Muitos frequentadores, em sua maioria crianças e jovens que sonham em chegar à universidade, preferem buscar o conhecimento no anonimato, deixando de fazer o devido cadastramento na Biblioteca. Por terem que priorizar o trabalho para ajudar a família a sobreviver, o objetivo de fazer um curso superior quase sempre é deixado para trás, o que vem a confirmar o alto índice de evasão escolar nas periferias dos grandes centros urbanos. Na comunidade Caranguejo Tabaiares existe um diferencial, que é o acesso aos livros de Literatura, História, Filosofia, Geografia e Artes, garantido à população, graças ao empenho de um grupo de moradores com mais condições de implementar um projeto de desenvolvimento cultural, a partir da leitura e reflexão, visando também o desenvolvimento da escrita.

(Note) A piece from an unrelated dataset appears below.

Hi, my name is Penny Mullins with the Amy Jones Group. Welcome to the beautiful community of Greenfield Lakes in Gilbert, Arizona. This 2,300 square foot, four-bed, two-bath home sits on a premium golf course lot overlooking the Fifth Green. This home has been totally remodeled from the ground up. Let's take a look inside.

O projeto de implantação das bibliotecas em comunidades periféricas enfrenta um grande desafio, que é a ausência do hábito da leitura e da escrita entre os seus moradores. Este espaço de convivência com os livros vem se mostrando favorável ao acesso à produção intelectual de grandes autores. Com eles é possível viajar sem sair do lugar, estimular a criatividade, interagir com outras culturas, desenvolver a empatia e o espírito crítico tão necessário ao desenvolvimento de uma leitura correta de mundo.

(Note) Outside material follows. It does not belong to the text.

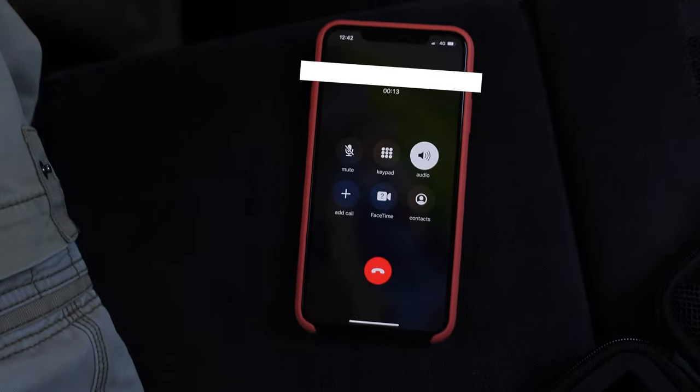You wouldn't believe what I'm doing right now. Quarter pounder with cheese! A quarter pound patty of 100% beef with two slices of cheese, onions, pickles, mustard, and a dollop of tomato ketchup in a sesame seed bun. Irresistible!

É possível afirmar que, entre os frutos colhidos nesses anos de atividades da Biblioteca Comunitária Caranguejo Tabaiares, está o despertar do gosto pela leitura e o hábito saudável que passou a fazer parte do cotidiano dos moradores. Dessa forma, a fome de nove décadas está sendo saciada pelos sabores e saberes contidos nos livros. E o conhecimento adquirido será transmitido de geração em geração na construção do novo tempo, onde a dor e a miséria ficarão no passado como ensinamento para que não venham a se repetir no futuro.
Reginaldo Pereira
Morador da Comunidade Caranguejo Tabaiares, filho de Cícero e Cícera; tem quatro irmãos e três irmãs. É casado com Adilene e é pai de Lívia Maria. Sua formação é em Administração. É Educador Social e coordenador da Biblioteca Comunitária Caranguejo Tabaiares.
Respostas de 5
“A educação muda as pessoas e as pessoas transformam o mundo ” (Paulo Freire)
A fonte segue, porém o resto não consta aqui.